Wie wichtig finden Sie die Vernetzung anti-faschistischer Medien in Europa zwecks Widerstandes gegen den Rechtsradikalismus?
Mag. Andreas Praher:
Da Radikalismen globaler Natur sind und vor den Grenzen nicht Halt machen, halte ich eine Vernetzung im Sinne eines Austausches für sinnvoll. Es sollte aber nicht der Fehler begangen werden, jede Bewegung oder Tat gleich als rechtsradikal einzustufen. Hier sollte ebenso klar differenziert werden. Wenn etwa eine gesellschaftskritische Zeitschrift in Deutschland Pegida als „deutschnationalen Kreuzzug“ bezeichnet, dann tut sie das aus einer sehr klugen Überlegung heraus. Denn die meisten „Patriotischen Europäer gegen die Islamisierung des Abendlandes“ haben vermutlich viel mehr mit modernen Kreuzrittern zu tun als mit handfesten Neonazis, die bei den Demos natürlich ebenso Stammgäste sind. Die Anhänger ziehen allerdings nicht wie ihre schwerttragenden Vorgänger aus religiösem Fanatismus auf die Straße, sondern aus Angst vor einer Überfremdung, die ebenso irrational ist und gefährlich werden kann.

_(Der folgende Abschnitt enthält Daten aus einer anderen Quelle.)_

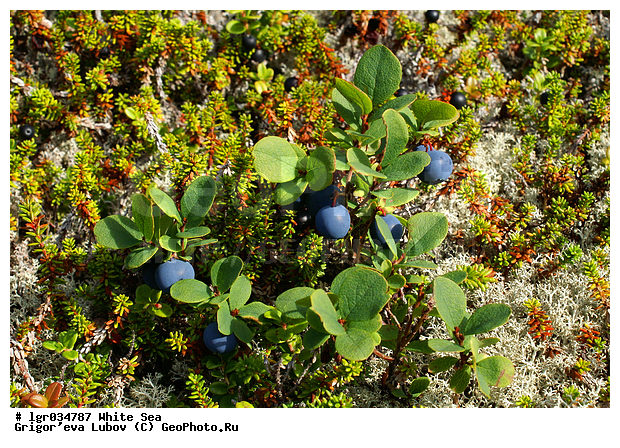 ����� ����, ��������, �������, ��������, ���������, ���, ���������, �������, ��������, �����, ��������, �����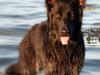 Schæferhund Jabina Luscha **RIP**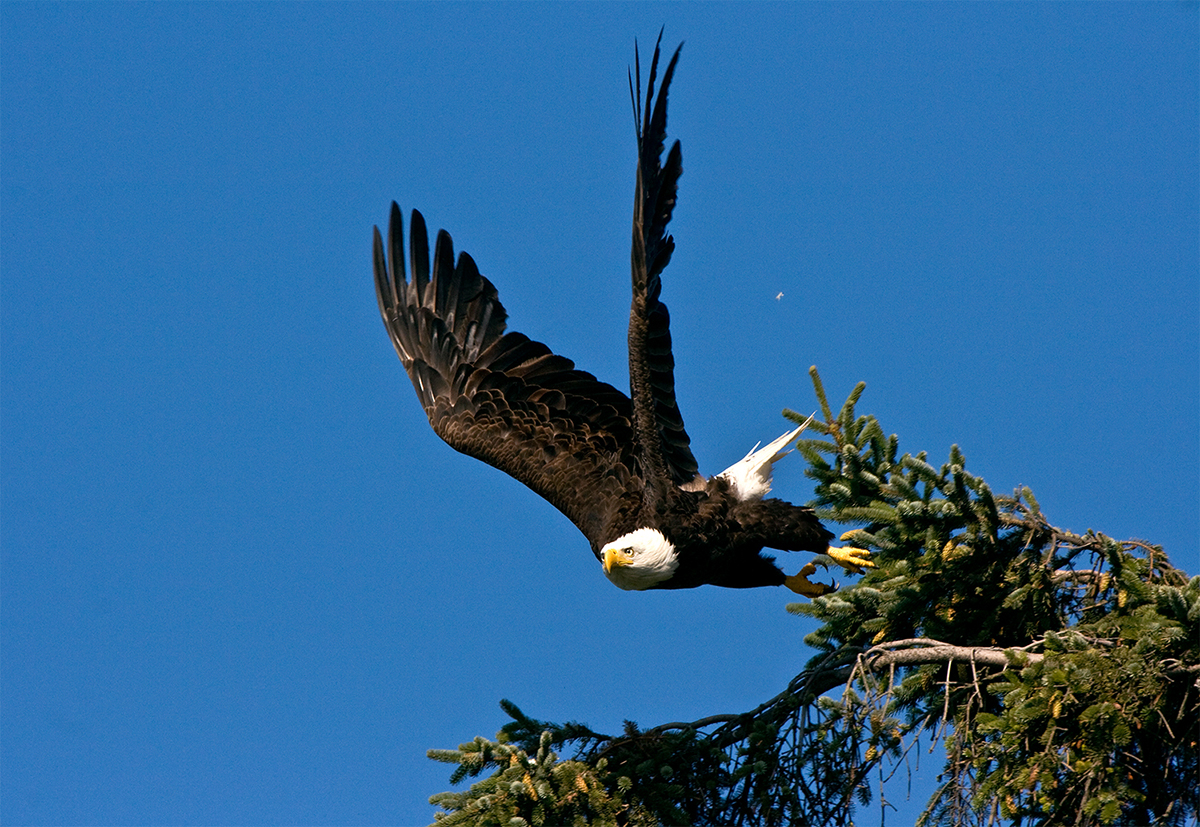 Eagle in Flight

Sollte man den Rechtsradikalismus in verschiedene Aspekte (kultureller, ethnischer, religiöser Rassismus) aufteilen wie, wir von ProMosaik e.V. das sehen oder finden Sie es besser ihn allgemein als xenophob zu betrachten und sich diesem als „Paket“ zu widersetzen?
Mag. Andreas Praher:
Es lohnt sich immer, nicht alles was „rechtsradikal“ zum Ausdruck kommt, in einen Topf zu werfen. Die Motive offen zu legen, die dahinter stehen, sollte immer das Ziel sein. Meist ist es aber die Angst vor dem Verlust von Sicherheit und Kontrolle, die die Suche nach einem Sündenbock und das Entstehen von Vorurteilen erleichtert, egal ob Rassismus kulturell, ethnisch oder religiös motiviert ist.
Dr. phil. Milena Rampoldi:
Welche sind die besten Strategien in der Pädagogik, um den Rechtsradikalismus an seiner Wurzel zu bekämpfen?
Mag. Andreas Praher:
Ich denke, die besten Strategien beginnen ganz früh, im Kindesalter. Wenn ich an meine Volksschulzeit zurückdenke, fallen mir immer die beiden türkischen Brüder ein, die eines Tages im Herbst vor der Klasse standen. Anfangs sprachen sie kein Wort Deutsch, ein paar Wochen später waren sie zu Spielkameraden und Freunden geworden, ganz spielerisch ohne viel Nachdenken. Es geht um das Zulassen und sich öffnen, da tun sich Kinder wesentlich leichter, weil sie noch keine Vorurteile kennen und besitzen. Erwachsene müssen da oft über ihren eigenen Schatten springen, das sollten sie auch in der Erziehung.
Dr. phil. Milena Rampodi:
Wie gefährlich sind rechtsradikale Fangruppen im Sport und warum? Wie kann man Rechtsradikalismus im Sport am besten vorbeugen?
Mag. Andreas Praher:
Der Sport, insbesondere der Fußball, wurde und wird immer wieder von rechtsextremen Gruppierungen unterwandert und genutzt, um eine gewisse Öffentlichkeit zu erzeugen. In den Auftritten geht es primär um Solidaritätsbekundungen, es geht aber auch um einen gewissen Stimmenfang also um Rekrutierung von Mitgliedern. Die Gewaltbereitschaft darf nicht unterschätzt werden. In Deutschland sind Fanbetreuungsangebote von Vereinen sehr erfolgreich umgesetzt worden, in Österreich sind die Klubs hier säumig. Es gibt auch länderübergreifende Initiativen aus Fangruppen und Vereinen wie „!Nie Wieder“, die mit gemeinsamen Aktionen gezielt aufklären. In Salzburg planen wir kommendes Jahr eine mehrtägige Veranstaltung im Fußball-Umfeld, die sich kritisch mit Rassismus in der Gegenwart und der Vergangenheit auseinandersetzen soll. Das Ziel dabei ist, die Fans direkt anzusprechen und dafür zu gewinnen.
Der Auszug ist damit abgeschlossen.